# Work order:
Every line of the entries below that includes "glass" belongs in the answer, copied as written.

# Available data:
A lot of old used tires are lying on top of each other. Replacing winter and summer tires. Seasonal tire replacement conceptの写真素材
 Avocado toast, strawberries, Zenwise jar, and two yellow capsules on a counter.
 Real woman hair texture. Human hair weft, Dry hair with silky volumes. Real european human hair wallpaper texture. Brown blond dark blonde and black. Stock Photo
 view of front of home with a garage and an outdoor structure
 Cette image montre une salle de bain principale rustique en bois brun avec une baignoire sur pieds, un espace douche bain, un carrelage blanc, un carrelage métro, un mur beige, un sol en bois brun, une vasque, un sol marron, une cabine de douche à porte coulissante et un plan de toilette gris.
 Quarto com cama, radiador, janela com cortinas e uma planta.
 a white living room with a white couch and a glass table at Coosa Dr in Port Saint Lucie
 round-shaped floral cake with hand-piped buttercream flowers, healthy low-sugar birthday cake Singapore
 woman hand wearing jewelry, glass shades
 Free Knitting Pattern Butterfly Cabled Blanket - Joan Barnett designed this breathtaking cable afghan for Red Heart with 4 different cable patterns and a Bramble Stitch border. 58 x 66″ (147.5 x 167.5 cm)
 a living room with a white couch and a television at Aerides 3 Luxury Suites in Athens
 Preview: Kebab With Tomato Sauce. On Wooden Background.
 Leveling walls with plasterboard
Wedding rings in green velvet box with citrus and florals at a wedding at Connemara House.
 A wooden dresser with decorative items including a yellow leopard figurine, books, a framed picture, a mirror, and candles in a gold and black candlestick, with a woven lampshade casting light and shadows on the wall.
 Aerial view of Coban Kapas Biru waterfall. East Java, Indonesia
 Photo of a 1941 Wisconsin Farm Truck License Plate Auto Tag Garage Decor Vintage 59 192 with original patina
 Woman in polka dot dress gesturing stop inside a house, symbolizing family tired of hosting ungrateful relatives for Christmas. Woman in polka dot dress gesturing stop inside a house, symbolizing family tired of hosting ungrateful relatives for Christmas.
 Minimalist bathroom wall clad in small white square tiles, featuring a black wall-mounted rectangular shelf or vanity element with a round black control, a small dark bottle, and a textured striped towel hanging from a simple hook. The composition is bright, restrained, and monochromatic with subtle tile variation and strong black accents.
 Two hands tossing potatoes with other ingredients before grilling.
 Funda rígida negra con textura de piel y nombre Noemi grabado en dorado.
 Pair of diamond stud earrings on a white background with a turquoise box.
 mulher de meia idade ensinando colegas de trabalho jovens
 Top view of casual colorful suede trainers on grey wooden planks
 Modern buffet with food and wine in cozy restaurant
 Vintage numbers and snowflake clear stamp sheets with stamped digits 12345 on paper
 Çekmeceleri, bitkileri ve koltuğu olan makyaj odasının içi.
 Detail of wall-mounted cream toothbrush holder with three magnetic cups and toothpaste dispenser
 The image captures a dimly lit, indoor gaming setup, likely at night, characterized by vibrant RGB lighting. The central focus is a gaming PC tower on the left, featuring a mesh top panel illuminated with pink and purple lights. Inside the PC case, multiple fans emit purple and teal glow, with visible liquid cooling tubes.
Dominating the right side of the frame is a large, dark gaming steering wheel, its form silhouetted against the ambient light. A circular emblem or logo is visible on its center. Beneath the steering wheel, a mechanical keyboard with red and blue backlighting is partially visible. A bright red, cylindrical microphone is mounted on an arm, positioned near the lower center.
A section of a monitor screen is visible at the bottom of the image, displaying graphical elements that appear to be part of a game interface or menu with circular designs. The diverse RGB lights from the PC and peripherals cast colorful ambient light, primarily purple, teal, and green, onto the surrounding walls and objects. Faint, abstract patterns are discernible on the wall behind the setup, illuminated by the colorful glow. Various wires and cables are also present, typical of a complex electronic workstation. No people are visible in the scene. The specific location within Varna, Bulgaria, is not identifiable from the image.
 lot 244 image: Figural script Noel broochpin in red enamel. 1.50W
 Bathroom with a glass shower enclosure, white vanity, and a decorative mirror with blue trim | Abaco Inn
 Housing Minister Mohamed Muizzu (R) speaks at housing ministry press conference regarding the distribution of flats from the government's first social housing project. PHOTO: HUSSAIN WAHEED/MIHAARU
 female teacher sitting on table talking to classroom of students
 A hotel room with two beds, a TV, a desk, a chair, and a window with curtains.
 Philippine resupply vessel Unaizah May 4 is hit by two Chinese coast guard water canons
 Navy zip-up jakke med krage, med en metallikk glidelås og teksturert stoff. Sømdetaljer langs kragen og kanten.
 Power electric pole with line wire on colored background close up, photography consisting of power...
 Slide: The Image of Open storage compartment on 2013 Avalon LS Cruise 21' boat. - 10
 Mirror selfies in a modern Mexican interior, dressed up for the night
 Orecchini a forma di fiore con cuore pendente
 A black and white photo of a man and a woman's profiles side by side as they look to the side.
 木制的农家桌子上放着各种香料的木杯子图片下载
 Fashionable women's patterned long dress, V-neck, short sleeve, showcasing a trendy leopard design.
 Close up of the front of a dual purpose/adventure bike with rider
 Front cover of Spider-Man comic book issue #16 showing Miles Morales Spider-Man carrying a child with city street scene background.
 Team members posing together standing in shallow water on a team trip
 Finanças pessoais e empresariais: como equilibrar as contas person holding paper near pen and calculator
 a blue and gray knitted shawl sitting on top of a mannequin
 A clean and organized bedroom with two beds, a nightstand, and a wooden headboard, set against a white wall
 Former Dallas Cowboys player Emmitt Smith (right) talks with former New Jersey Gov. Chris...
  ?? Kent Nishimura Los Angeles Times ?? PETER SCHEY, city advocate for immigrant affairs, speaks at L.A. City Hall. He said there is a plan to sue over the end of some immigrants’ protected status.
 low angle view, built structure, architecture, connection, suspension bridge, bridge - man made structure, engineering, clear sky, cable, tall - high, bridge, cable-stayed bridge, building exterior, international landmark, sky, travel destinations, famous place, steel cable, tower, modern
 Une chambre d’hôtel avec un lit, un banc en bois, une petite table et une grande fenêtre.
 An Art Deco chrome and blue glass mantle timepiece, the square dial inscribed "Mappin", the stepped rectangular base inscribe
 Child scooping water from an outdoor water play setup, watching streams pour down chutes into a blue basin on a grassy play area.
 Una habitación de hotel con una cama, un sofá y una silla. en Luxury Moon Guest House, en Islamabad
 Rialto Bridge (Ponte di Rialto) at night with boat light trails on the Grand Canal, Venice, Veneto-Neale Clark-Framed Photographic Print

# Answer space:
 a white living room with a white couch and a glass table at Coosa Dr in Port Saint Lucie
 woman hand wearing jewelry, glass shades
 Bathroom with a glass shower enclosure, white vanity, and a decorative mirror with blue trim | Abaco Inn
 An Art Deco chrome and blue glass mantle timepiece, the square dial inscribed "Mappin", the stepped rectangular base inscribe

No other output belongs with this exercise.